# Lightspeed Systems... How to get past it?



## Keelen6 (Apr 3, 2014)

I'm doing a project for my computer science class, and it requires me to access some site that is blocked.  I personally think it's a way to ID new hacks, but meh.  I don't know any ways that will leave flash enabled.  I have until the end of the year, so I might just try to finish my modded IE version, but I would prefer to have a backup version.  This system has Lightspeed Systems and Cisco on it.  I cant use any proxy sites, I'm supposed to use a new program-based hack.  I have a few that I can use, but I want to keep them back in case it's actually just a front.  None of them have flash anyway, and that's a requirement.  In other words, anybody know any program or bit of code that can access things beyond the firewall?  I can not access the command prompt, task manager, the run menu, or even the line on top of windows explorer.  I can however make batch files.  And I can take programs in from home.  I tried tor, it doesn't connect.  So really, anybody know a program or command that I can put on a drive or access with the restrictions mentioned?  It's worth 25% of my grade...  IDK how it's legal... but whatever.  I want to do it.


----------



## Steevo (Apr 4, 2014)

What you are asking is for the whole answer, how about, is it DNS blocked, port? subdomain? have you even bothered trying anything yet, or you just want someone to do you work for you?

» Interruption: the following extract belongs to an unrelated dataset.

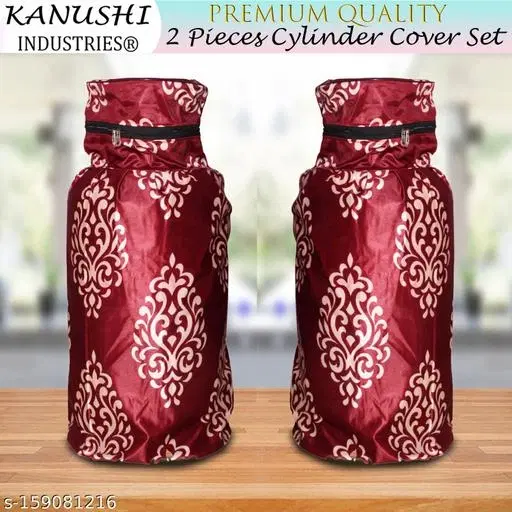 KANUSHI Industries 2 Pcs Cylinder Cover Set (2PCS+CYL+MAROON-FLORAL)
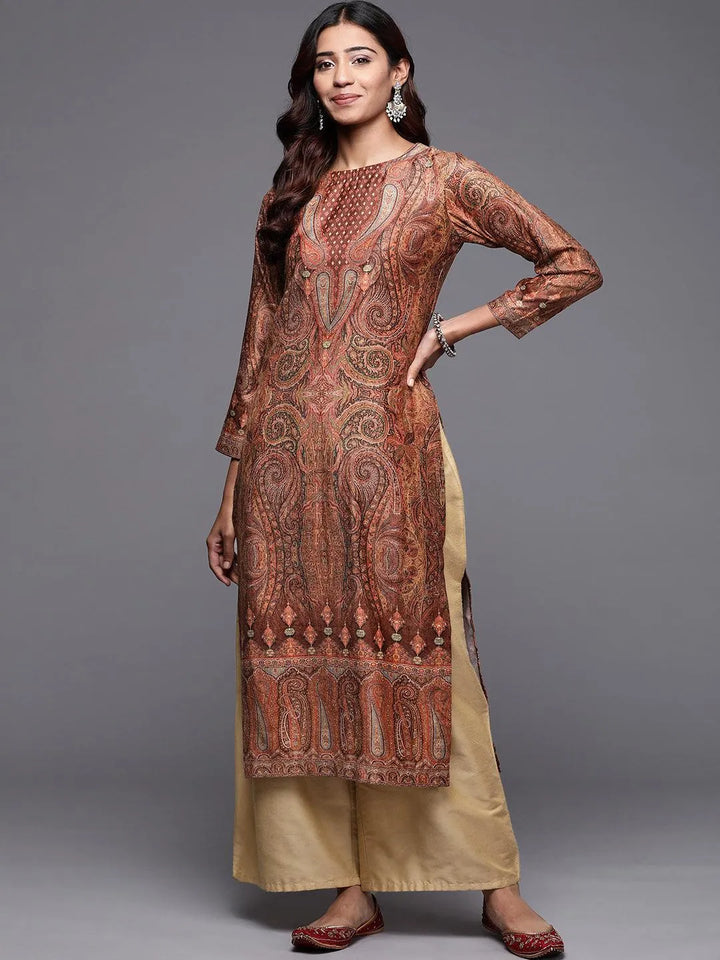 Brown Printed Velvet Straight Kurta - Libas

A batch file will output text results back to your drive, just add >textfile.txt to the end of the runs.


----------



## Black.Raven (Apr 4, 2014)

go to C:\windows\system32 and search for and cmd. copy the cmd.exe to the desktop. rename cmd to explorer. run it and then do this:

http://www.giannistsakiris.com/2008/12/03/how-to-create-shortcuts-in-windows-from-the-command-line/

Direct the shortcut to the site you need it to be.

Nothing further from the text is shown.